• **DATA FOR THE TASK**
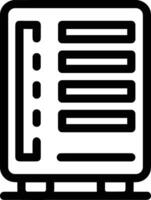 Storage data icon symbol vector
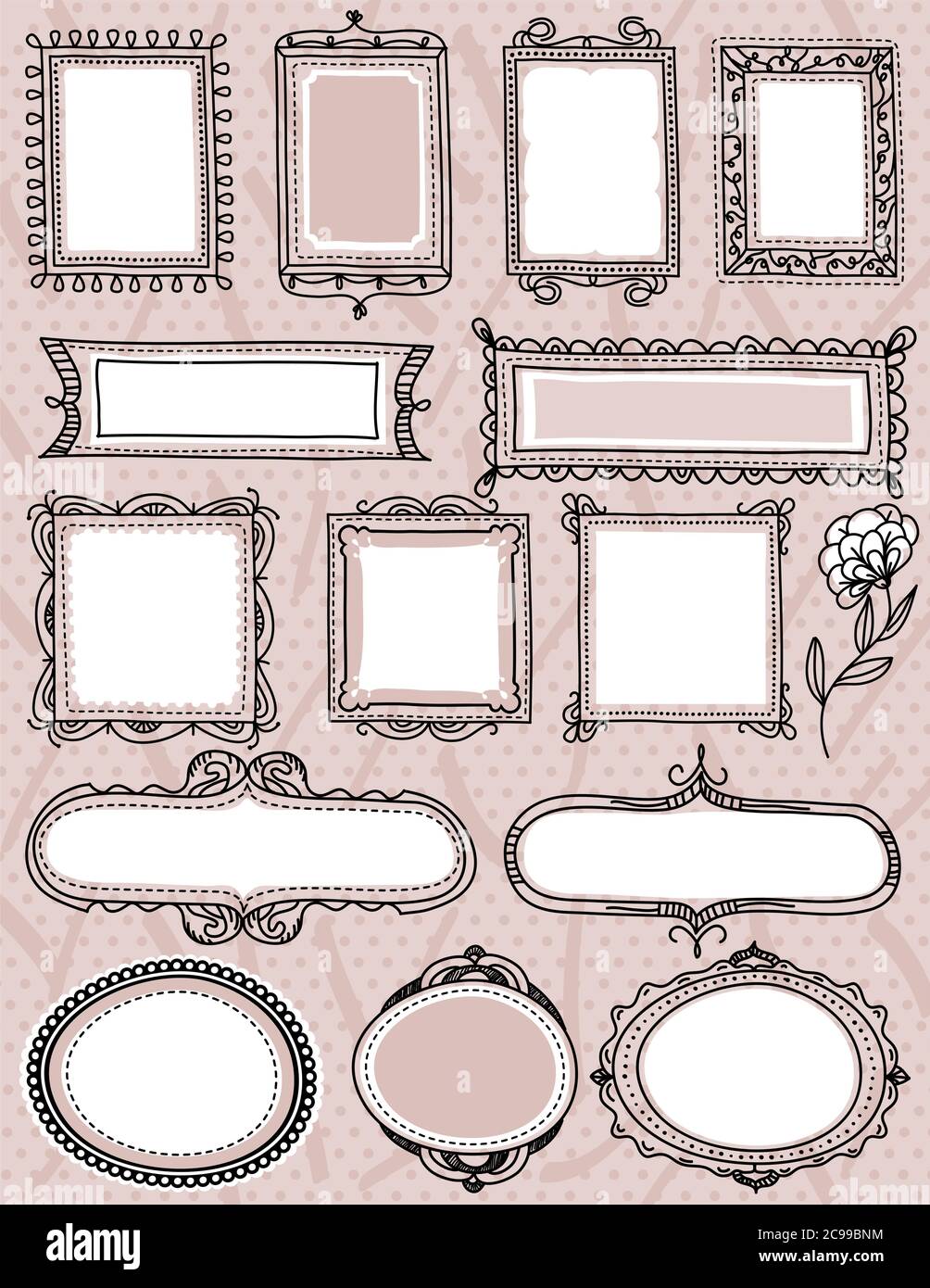 Set of special hand draw labels and banners, vector Stock Vector Image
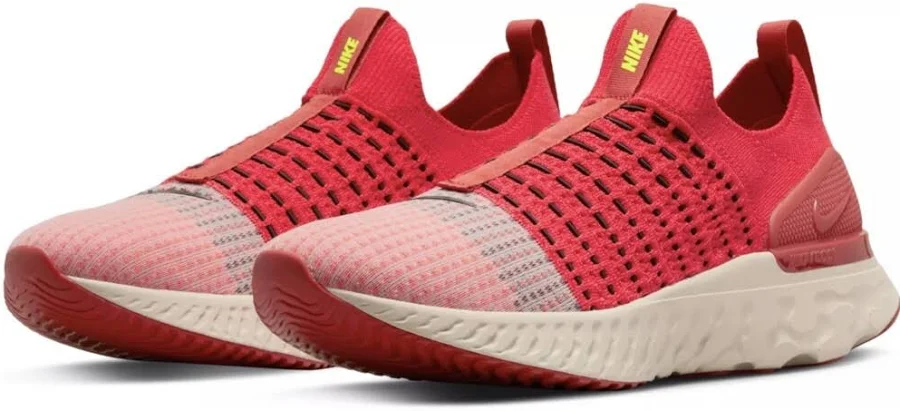 Nike React Phantom Run Fk Flyknit 2 Siren Red Black White Dv2145-600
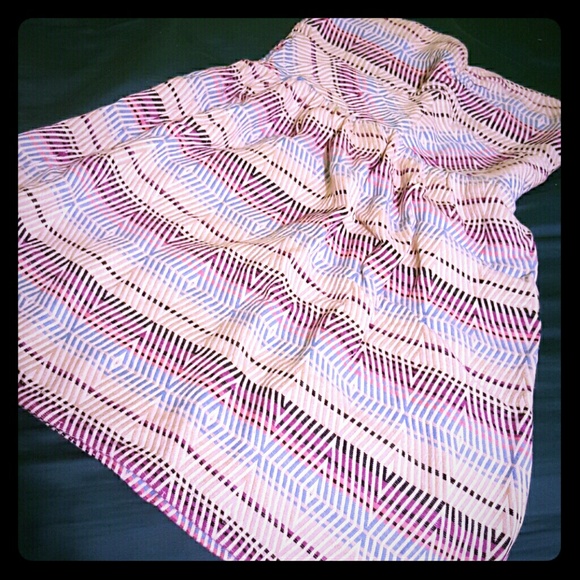 Roxy strapless Aztec inspired dress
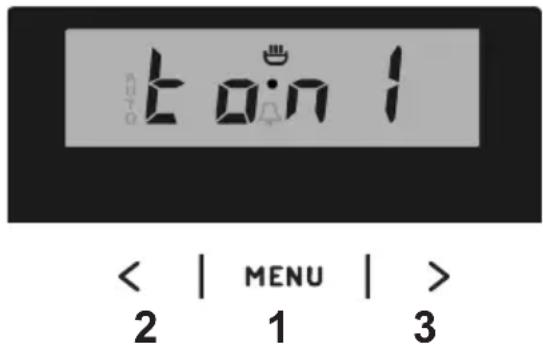 tan 1 < | MENU | > 2 1 3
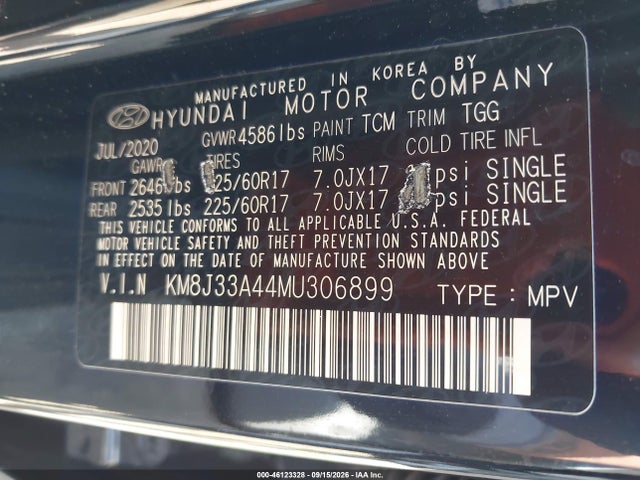 2021 HYUNDAI TUCSON VALUE 9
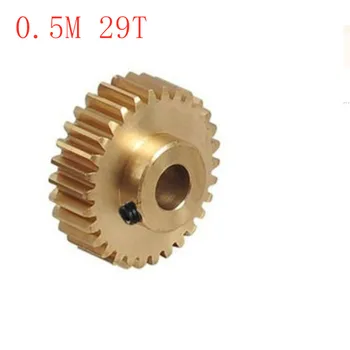 

2pcs/lot 0.5M29T 0.5M 29 teeth Convex brass copper precision micro motor convex spur gear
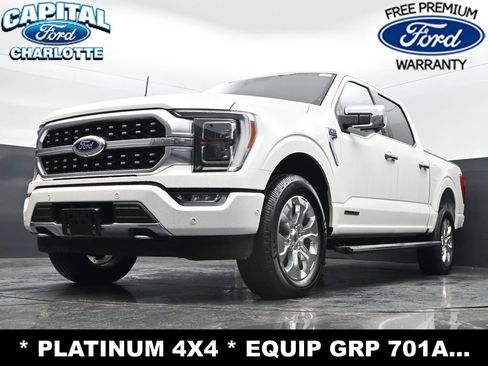 Used 2021 Ford F150 Platinum w/ Equipment Group 701A High AWD/4WD image 24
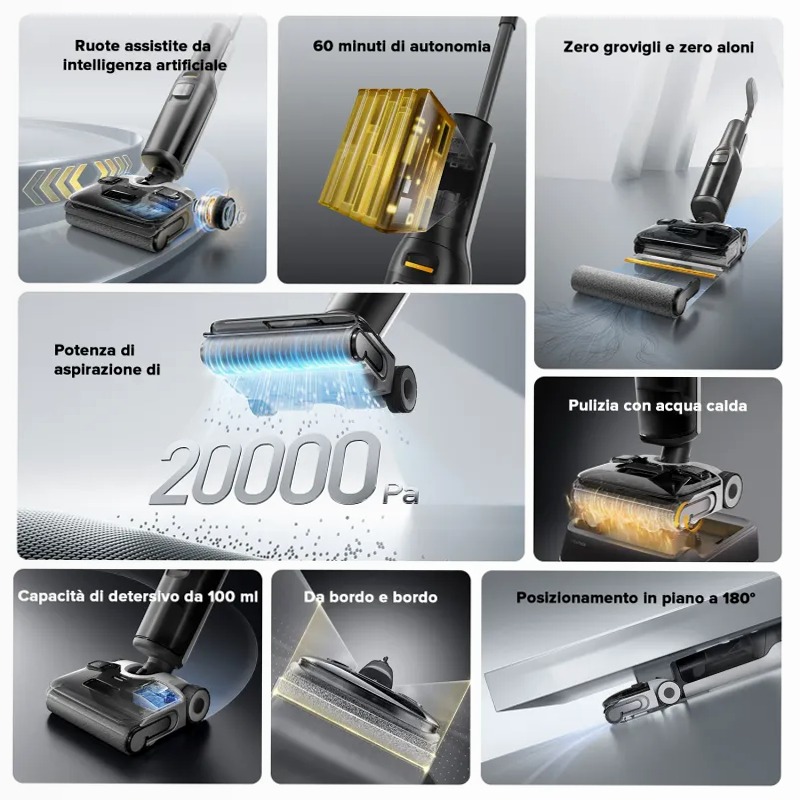 Roborock F25 XT - Aspirapolvere per umido e secco Beige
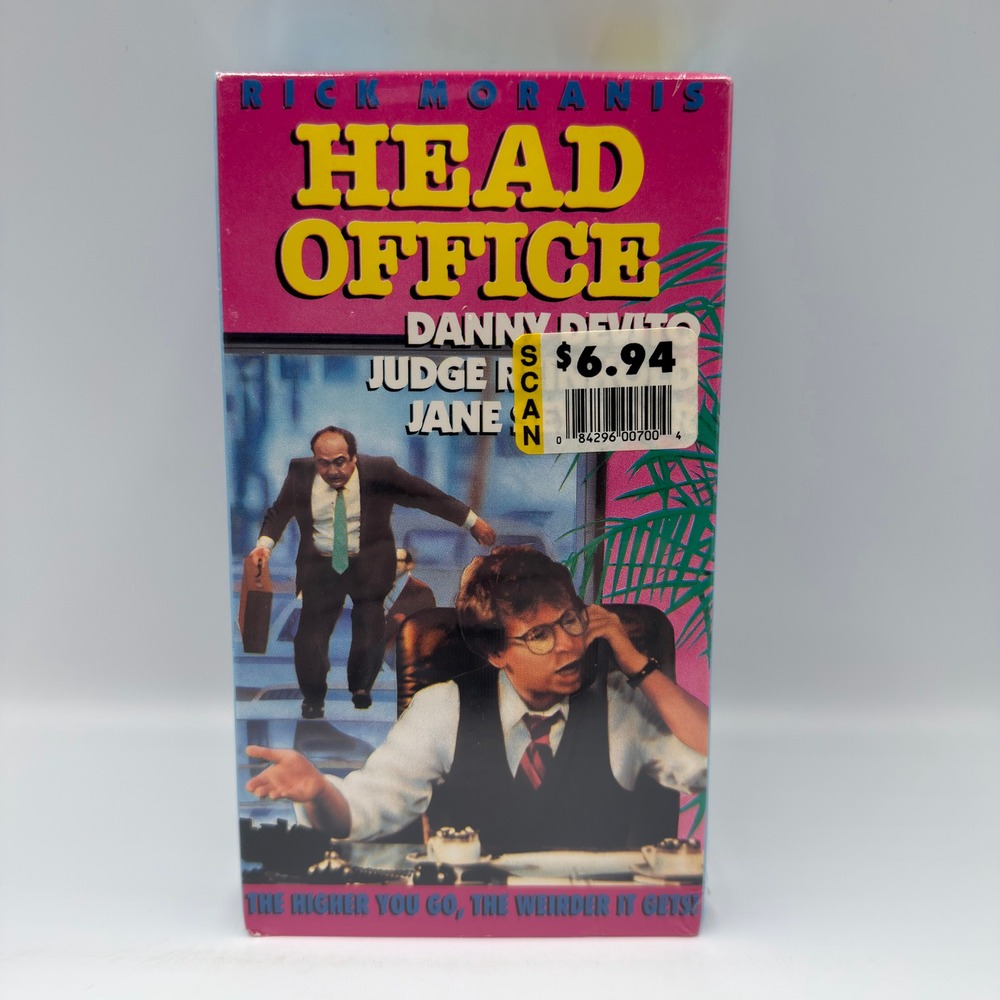 Head Office VHS Rick Moranis Danny DeVito Judge Reinhold 1990 Sealed HBO Video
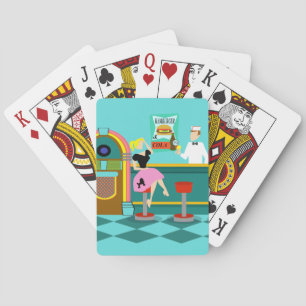 Jeu De Cartes Fontaine Soda Rétro Jouer Cartes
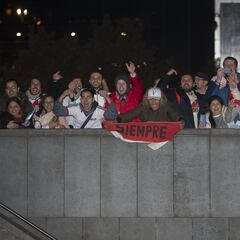 River Plate arrive in Madrid for the Copa Libertadores final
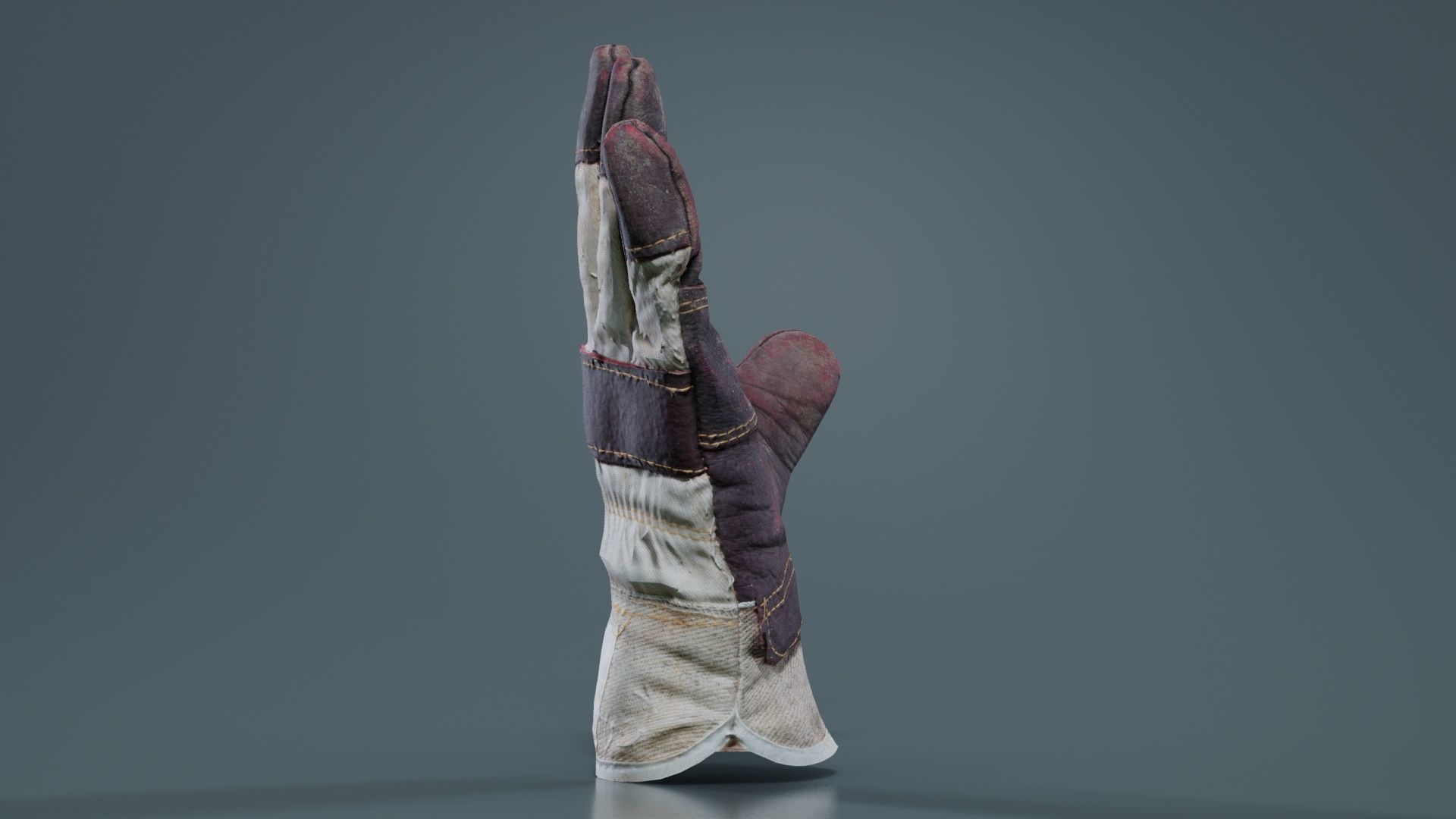 Gloved Hand 002 Low-poly 3D model_6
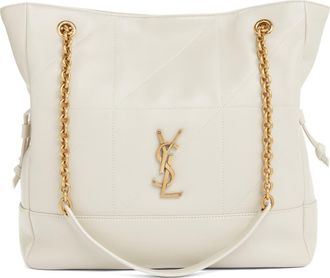 Saint Laurent Medium Jamie 4.3 Patchwork Leather Shoulder Bag in Blanc Vintage at Nordstrom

• **AIM OF THE TASK**
Print every entry verbatim and leave all pictures out.

• **OUTPUT BELOW**
 Storage data icon symbol vector
 Set of special hand draw labels and banners, vector Stock Vector Image
 Nike React Phantom Run Fk Flyknit 2 Siren Red Black White Dv2145-600
 Roxy strapless Aztec inspired dress
 tan 1 < | MENU | > 2 1 3
 2021 HYUNDAI TUCSON VALUE 9

2pcs/lot 0.5M29T 0.5M 29 teeth Convex brass copper precision micro motor convex spur gear
 Used 2021 Ford F150 Platinum w/ Equipment Group 701A High AWD/4WD image 24
 Roborock F25 XT - Aspirapolvere per umido e secco Beige
 Head Office VHS Rick Moranis Danny DeVito Judge Reinhold 1990 Sealed HBO Video
 Jeu De Cartes Fontaine Soda Rétro Jouer Cartes
 River Plate arrive in Madrid for the Copa Libertadores final
 Gloved Hand 002 Low-poly 3D model_6
 Saint Laurent Medium Jamie 4.3 Patchwork Leather Shoulder Bag in Blanc Vintage at Nordstrom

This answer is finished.